Ein betrübliches Kapitel ist von heute aus gesehen das Verhalten der Kirche in der sogenannten "Judenfrage". Der prominente Laie und frühere Synodalpräsident Wilhelm Freiherr von Pechmann (1859-1948) hatte schon 1933 angesichts der ersten antijüdischen Maßnahmen die Kirchenleitung vergeblich zu öffentlichem Protest aufgefordert. Sie protestierte zwar in der Folgezeit immer wieder gegen die Verunglimpfungen judenfreundlicher Pfarrer oder jüdischer Elemente der christlichen Lehre, vermied jedoch jede öffentliche Kritik an der nationalsozialistischen Judenpolitik. Angesichts der brutalen Ausschreitungen gegen die Juden in der sogenannten "Reichspogromnacht" beschloss der Landeskirchenrat ausdrücklich, von einem Schritt bei staatlichen Stellen abzusehen, obwohl in jener Nacht auch einzelne bayerische Pfarrer als "Judenfreunde" beschimpft und misshandelt wurden.
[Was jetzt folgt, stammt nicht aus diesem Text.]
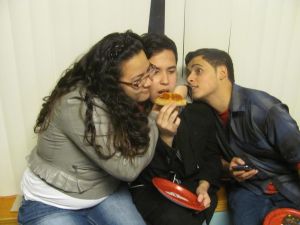 A very popular piece of pizza (Daniela Ortiz, Michael Xayavong, and Kevin Padilla, all North High School students.)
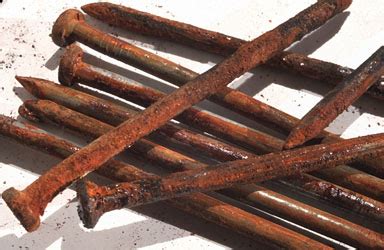 Painet Licensed Rights stock photo of rusty iron nails showing orange oxide rust oxidation oxygen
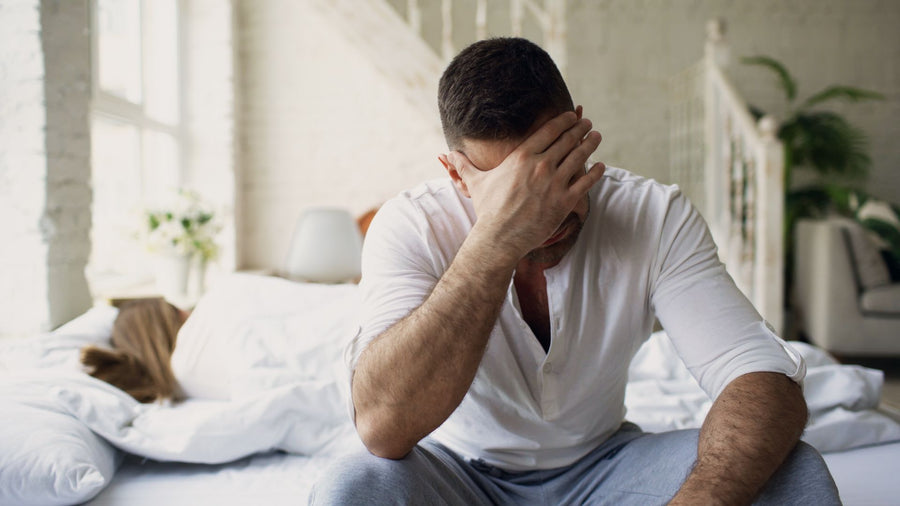Man reading about premature ejaculation treatment options privately on his phone at home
Die Pfarrer der Nürnberger Lorenzkirche setzten ein eindrucksvolles Zeichen kirchlichen Protests, als sie am Bußtag 1938 vor den Altar traten, um die Zehn Gebote laut vorzusprechen; aber nur wenige Pfarrer nahmen in ihrer Bußtagspredigt gegen die neuerliche Eskalation der Judenverfolgung Stellung.
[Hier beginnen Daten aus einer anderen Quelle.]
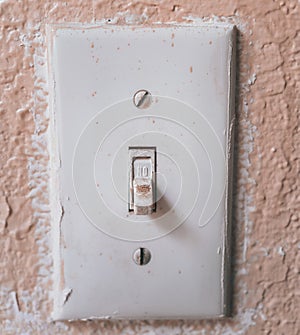 Vertical shot of an old light switch on the painted wall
"Gleichschaltung" abgewehrt, aber sprachlos geblieben
Als 1941 die Deportationen der Juden in die Vernichtungslager begannen, waren es immer wieder Laien, die die Kirchenleitung zu Protestschritten in der Form schriftlicher Eingaben oder öffentlicher Stellungnahmen veranlassen wollten. Neben Pechmann und dem Dichter und Laienprediger Rudolf Alexander Schröder (1878-1962) ist vor allem der Kreis um den Münchner Verlagsbuchhändler Albert Lempp (1877-1943) zu nennen, der 1943 dem Landesbischof eine Denkschrift überbrachte, die die Grundlage für einen öffentlichen Protest der Kirchenleitung gegen die staatliche Judenverfolgung abgeben sollte. Obwohl Meiser den Text weitgehend billigte, der sehr deutlich von der Mitverantwortung der Christen für das Schicksal der Juden sprach und die Kirche davor warnte, "vor dem gegen Israel gerichteten Angriff sich selbst in Sicherheit zu bringen", lehnte er den Schritt in die Öffentlichkeit ab, um die Kirche nicht in Gefahr zu bringen.
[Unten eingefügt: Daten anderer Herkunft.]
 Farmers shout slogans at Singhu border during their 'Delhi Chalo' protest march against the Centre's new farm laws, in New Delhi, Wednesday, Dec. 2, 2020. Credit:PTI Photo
Wenn auch das öffentliche Eintreten der Kirche für die Juden ausblieb, so finanzierte sie doch immerhin ab Januar 1939 in München und Nürnberg zwei Hilfsstellen, die zahlreichen aus rassischen Gründen verfolgten Christen materiell und seelsorgerlich helfen und die Auswanderung aus Deutschland ermöglichen konnten.
Das Gesamturteil über die Haltung der bayerischen Kirche im "Dritten Reich" kann nur ambivalent ausfallen. So sehr auf der einen Seite positiv hervorzuheben ist, dass sie die drohende "Gleichschaltung" abwehren, ihre institutionelle "Intaktheit" bewahren und ihre Verkündigung von deutschchristlicher Überfremdung freihalten konnte, so sehr muss aus heutiger Sicht kritisiert werden, dass sie angesichts der ethisch-moralischen Herausforderungen durch die Verbrechen des Nationalsozialismus weithin sprachlos geblieben ist.